If you prefer an object-style entrypoint with shared defaults, you can use the optional Blade facade:
from datablade import Blade
from datablade.sql import Dialect
blade = Blade(memory_fraction=0.3, verbose=True, convert_types=True)
for chunk in blade.iter("huge.csv"):
process(chunk)
files = blade.stream_to_parquets("huge.csv", output_dir="partitioned/")
# Generate DDL (CREATE TABLE)
ddl = blade.create_table_sql(
df,
table="my_table",
dialect=Dialect.POSTGRES,
)
# Generate DDL from an existing Parquet file (schema-only)

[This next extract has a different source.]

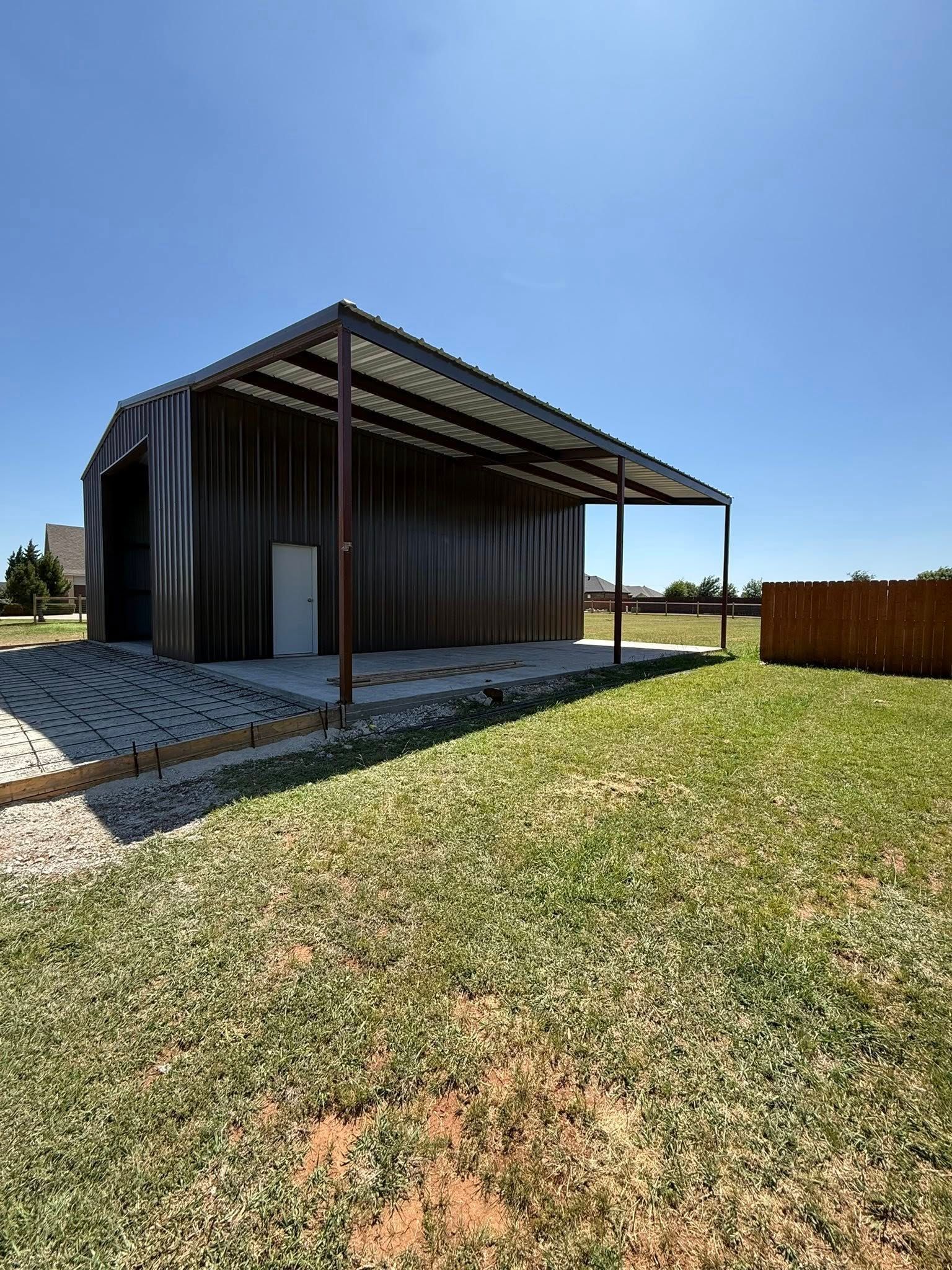 Small metal shed with a covered porch on a grassy lot under a clear blue sky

ddl2 = blade.create_table_sql_from_parquet(
"events.parquet",
table="events",
dialect=Dialect.POSTGRES,
)
Documentation
Docs are bundled with the installed package:
python -m datablade.docs --list
python -m datablade.docs --show USAGE
python -m datablade.docs --write-dir .\datablade-docs
After writing docs to disk, open the markdown files locally:
- README (docs landing page)
- USAGE (file reading, streaming, SQL, IO, logging)

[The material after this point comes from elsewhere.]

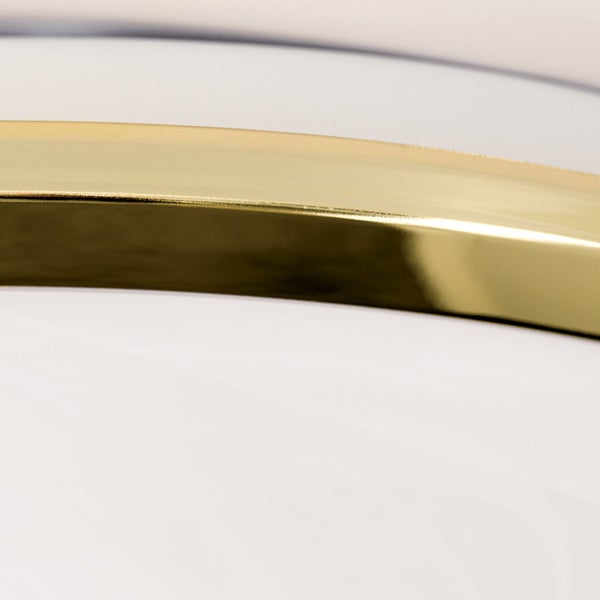 Detailaufnahme einer goldenen Zierleiste auf einem weißen Untergrund.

- TESTING (how to run tests locally)
- ARCHITECTURE (pipeline overview)
- OBJECT_REGISTRY (registry reference)
Testing
Run the test suite:
# Install with test dependencies
pip install -e ".[test]"
# Run all tests
pytest
# Run with coverage report
pytest --cov=datablade --cov-report=html
For detailed testing documentation, use the bundled TESTING doc:
python -m datablade.docs --show TESTING
Backward Compatibility
All functions are available through the legacy datablade.core module for backward compatibility:
# Legacy imports (still supported)
from datablade.core.frames import clean_dataframe_columns
from datablade.core.json import get
Requirements
Core dependencies:
- pandas
- pyarrow
- numpy
- openpyxl
- requests
Design choices and limitations
- Single-machine focus: datablade is designed for laptop/VM/server execution, not clusters.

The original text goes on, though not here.